いつもどおりぱりっと髪を決めた英雄に、ウェーブがかったポニーテールの数子。
俺「今度はダブルスだな」
英雄「ああ、こんどこそ優勝するよ」
数子「真下さん、あんたもポニテなんだ。いつもの写真と雰囲気違うなあ」
みちる「どういたしまして」
10式戦車4人という全員が同じ装備の試合。
一見シンプルだが、その分選手の実力が出て変化を出す。
双方補給基地に戻って試合が始まる。
補給基地に2人で向かって突き進む。
英雄と数子も突進してくる。
数子の砲撃を防ぐ。
だがその間に英雄が横から攻めてくる。
それをみちるが反撃する。
一進一退の戦い。
撃つたびに日が落ちてくる。
攻撃も防御も互角。
なら、変化球で行くしかない。
俺「やぶさめ撃ち!」
俺は回り込みながら主砲で数子の顔を狙った。
数子「顔ガードなんて初歩中の初歩でしょ」
砲塔であっさりガードされる。
だが狙いは数子を撃破することではない。
砲塔が顔を守る分、脇が空く。
みちるの主砲が確実に数子の脇を捉えた。
みちる「ダブルスは2人でするもの!」
そこへ、英雄が割って入った。
英雄「俺が守る!」
砲塔でみちるの弾を弾き返す。
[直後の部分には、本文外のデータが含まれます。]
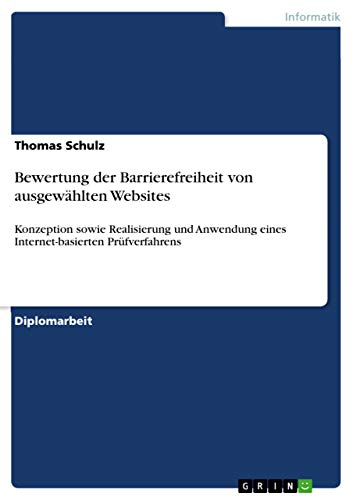 Bewertung der Barrierefreiheit von ausgewählten Websites: Konzeption sowie Realisierung und Anwendung eines Internet-basierten Prüfverfahrens Bewertung der Barrierefreiheit von ausgewählten Websites: Konzeption sowie Realisierung und Anwendung eines Internet-basierten Prüfverfahrens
だが、爆風で吹っ飛ぶ。
数子がクッションのように英雄の下敷きになった。
英雄「カズノコ!」
数子「1番、足が」
どうやら足をくじいたらしい。
装備の方は撃破どころか小破にしかなっていないのはさすがだが。
フラフラと英雄が立ち上がった。
英雄「だったらこうするしか」
数子「あんた、まさか」
みちる「チャンスよ、撃くん」
俺「ここは一気に…む!?」
煙が立ち込めてくる。
2人して発煙弾を放ったようだ。
煙の中からときおり機銃のシャワーが浴びせられる。
俺「逃げろ!間を取るんだ」
煙幕が晴れてくる。
そこには、数子をおぶさった英雄がいた。
俺「あんた、正気か!?」
英雄「ああ、正気さ」
数子「これで左右とも主砲が使える!」
たしかに左利きの英雄に右利きの数子で二人羽織なら両手主砲になる。
しかし、おんぶした状態ではまともに動き回れないだろう。
みちる「こけおどしには乗らない!」
だがみちるの砲撃は左右の砲塔で防がれた。
正面からの砲撃では俺もみちるもガードされてしまう。
俺「みちる、左右からだ!」
俺とみちるの挟み撃ち。
だが、そこで英雄と数子も俺達を狙い撃ってきた。
互いに命中する主砲。
ディスプレイに表示される撃破の文字。
主砲の煙が消え、しばしの静寂。
アナウンサー「判定は……最後まで残っていたのは市場英雄、よって彩の国高校の優勝!」
英雄「勝った、勝ったぜ!」
数子「そう、勝った、彩高みんなの勝利よ!」
僅差での勝利。
その喜びに英雄と数子は抱き合い、勝利を喜んでいる。
数子「今日ほどあなたの笑顔が、涙が嬉しい日はないわ」
英雄「ブッキー、君のおかげで、うう、俺は1番に、1番に」
数子「一緒に1番になったのよ」
彩高のメンバーが駆け寄ってくる。
皐月「ぶっきー、1番、おめでとう、本当におめでとう!」
号泣した皐月が2人の手を握りしめていた。
明郎「よくやったよ、2人とも」
数子「みんな応援してくれたからでしょ」
俺もみちるも駆け寄った。
みちる「石蕗さん、ケガ、大丈夫か?」
数子「大丈夫、気にしないで」
みちる「あなた達の勝ちね、おめでとう」
数子「真下さん、また勝負しましょう」
みちる「負けて悔しいはずなんだけどな」
俺「お前、そうなのか?」
みちる「撃くんだって一緒でしょ」
俺「ああ、ライバルが立ち直るのは嬉しいものさ」
みちる「だよね」
夕日は勝者も敗者も、等しく包み込んでいた。